### [THE PROBLEM]
Print only the lines below from the one with "Apartments By The" to the one with "Russian missile attack", both included, exactly as they stand. Leave pictures out.

### [LISTED ENTRIES]
********************
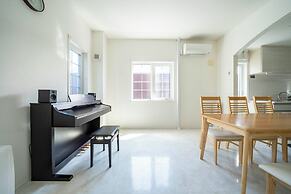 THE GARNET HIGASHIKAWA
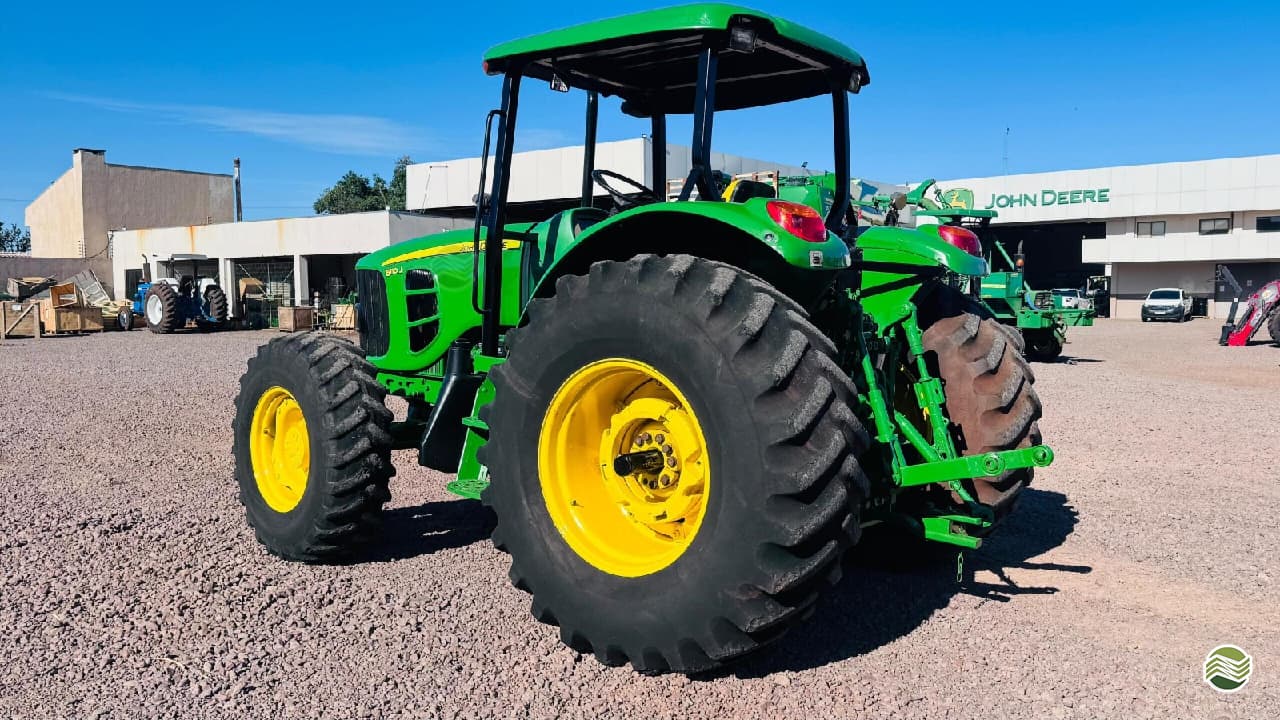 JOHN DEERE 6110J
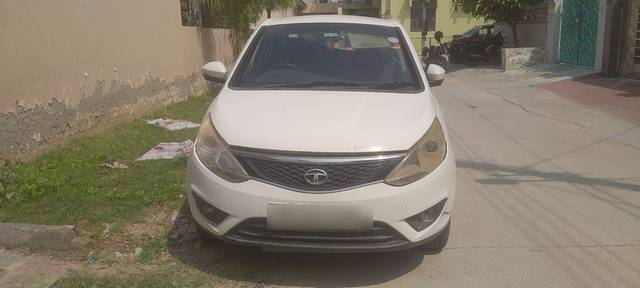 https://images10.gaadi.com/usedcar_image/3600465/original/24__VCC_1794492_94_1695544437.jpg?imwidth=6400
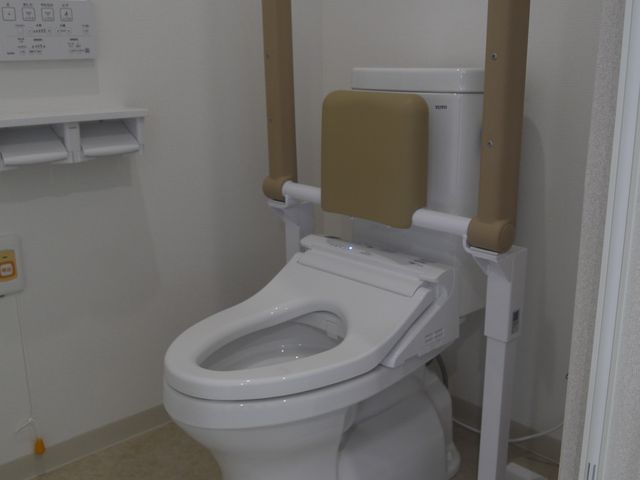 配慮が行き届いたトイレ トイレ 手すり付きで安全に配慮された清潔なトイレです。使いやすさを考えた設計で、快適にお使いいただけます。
********************
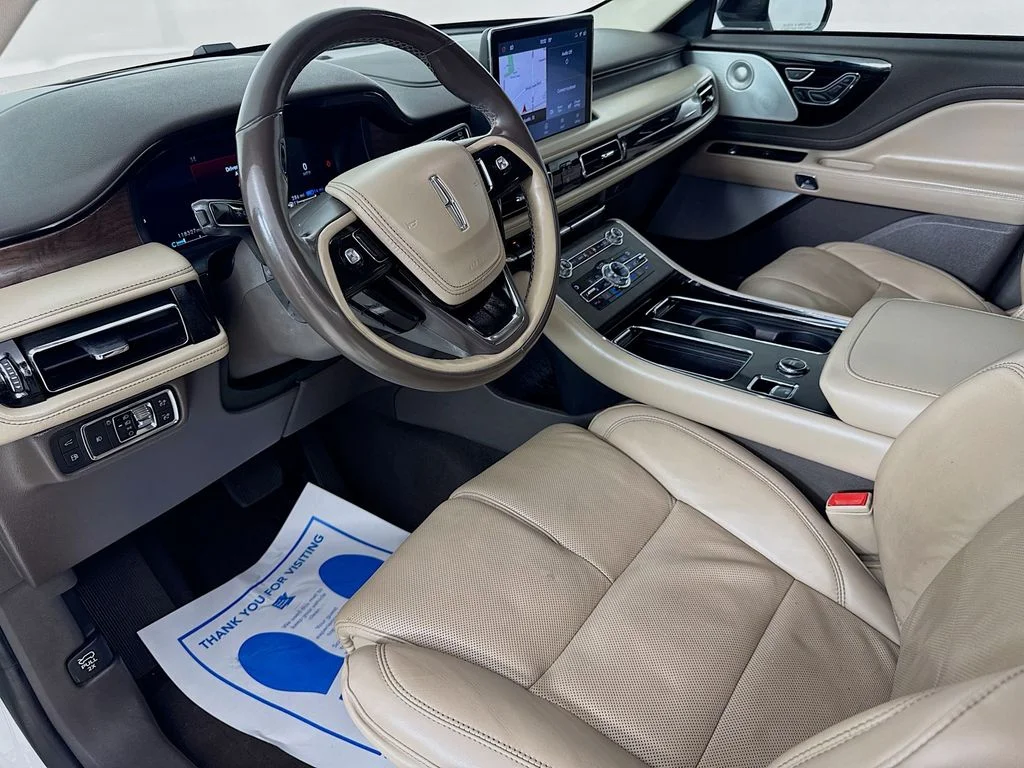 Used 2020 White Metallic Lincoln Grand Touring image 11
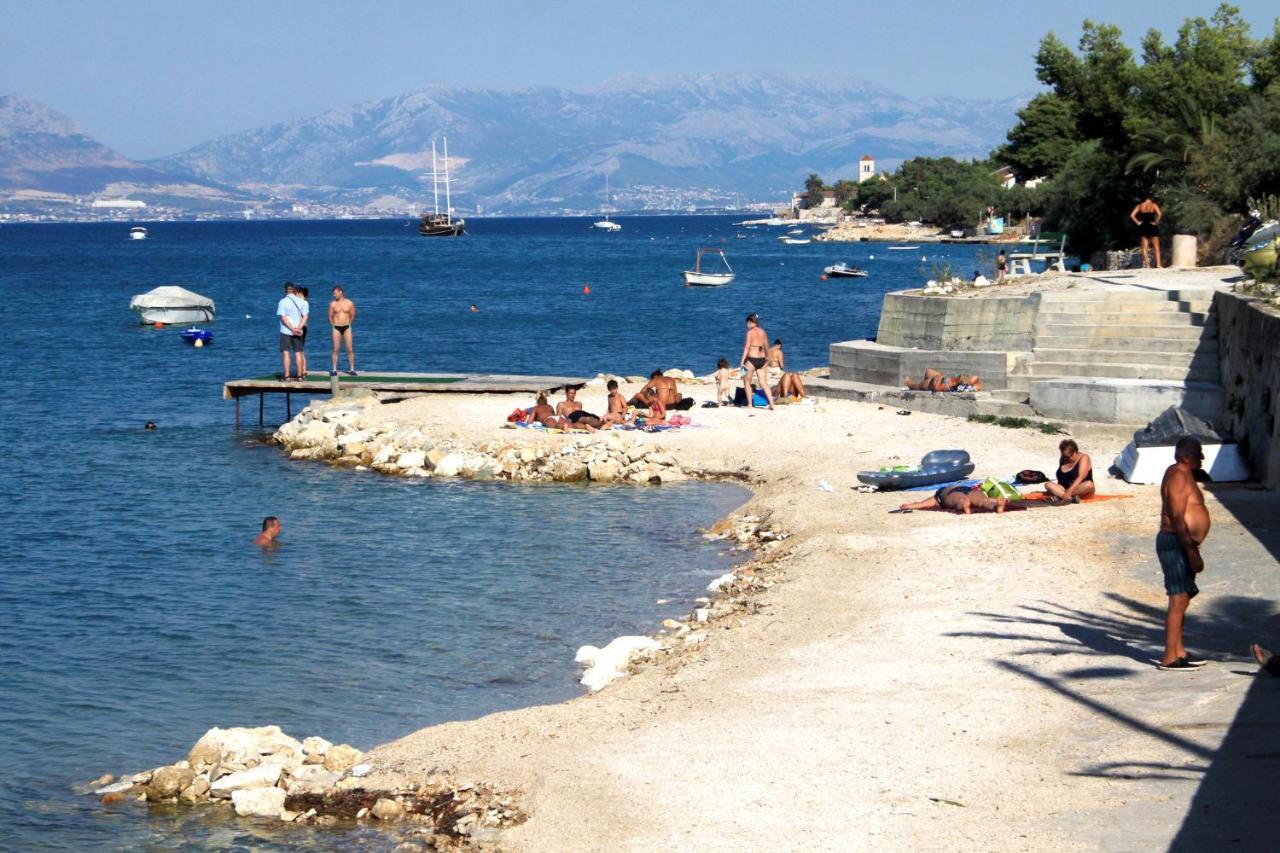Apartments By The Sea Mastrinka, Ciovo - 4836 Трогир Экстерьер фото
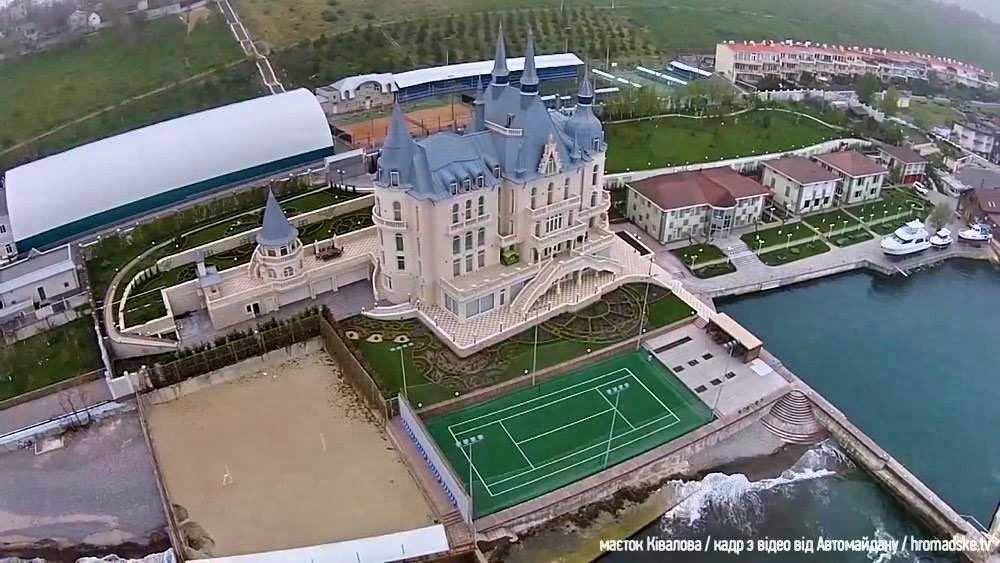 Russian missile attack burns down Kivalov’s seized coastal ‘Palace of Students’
********************
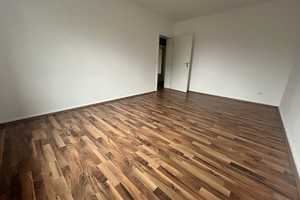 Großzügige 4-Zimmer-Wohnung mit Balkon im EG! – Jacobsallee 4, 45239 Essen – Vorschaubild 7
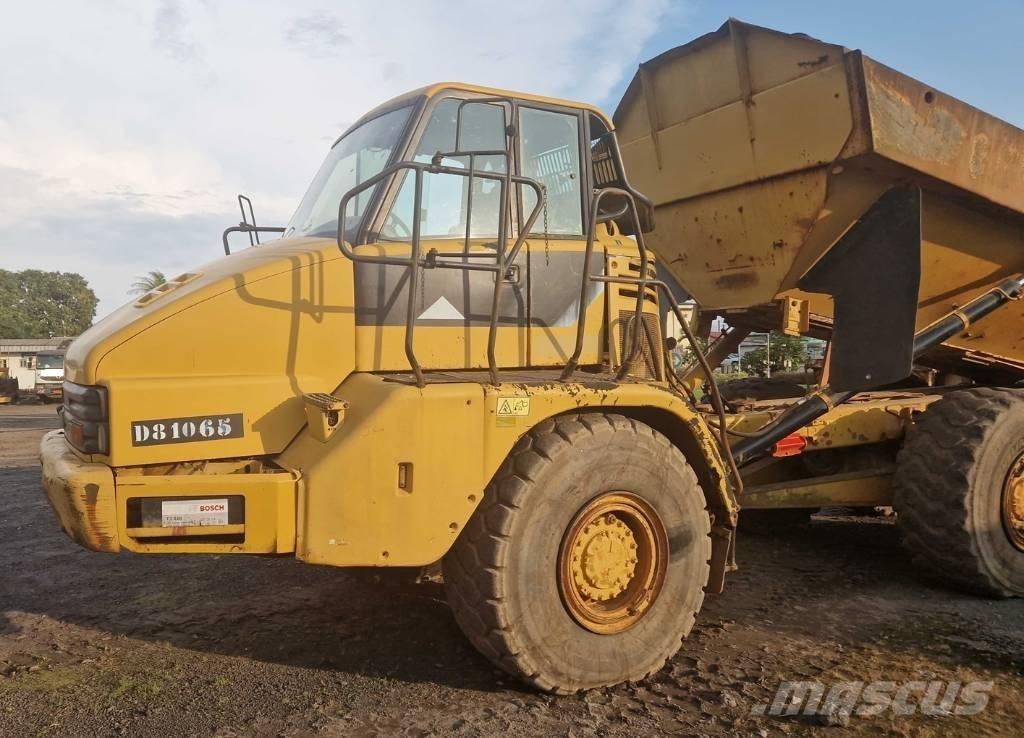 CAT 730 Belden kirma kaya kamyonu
********************
### [RESPONSE BELOW]
Apartments By The Sea Mastrinka, Ciovo - 4836 Трогир Экстерьер фото
 Russian missile attack burns down Kivalov’s seized coastal ‘Palace of Students’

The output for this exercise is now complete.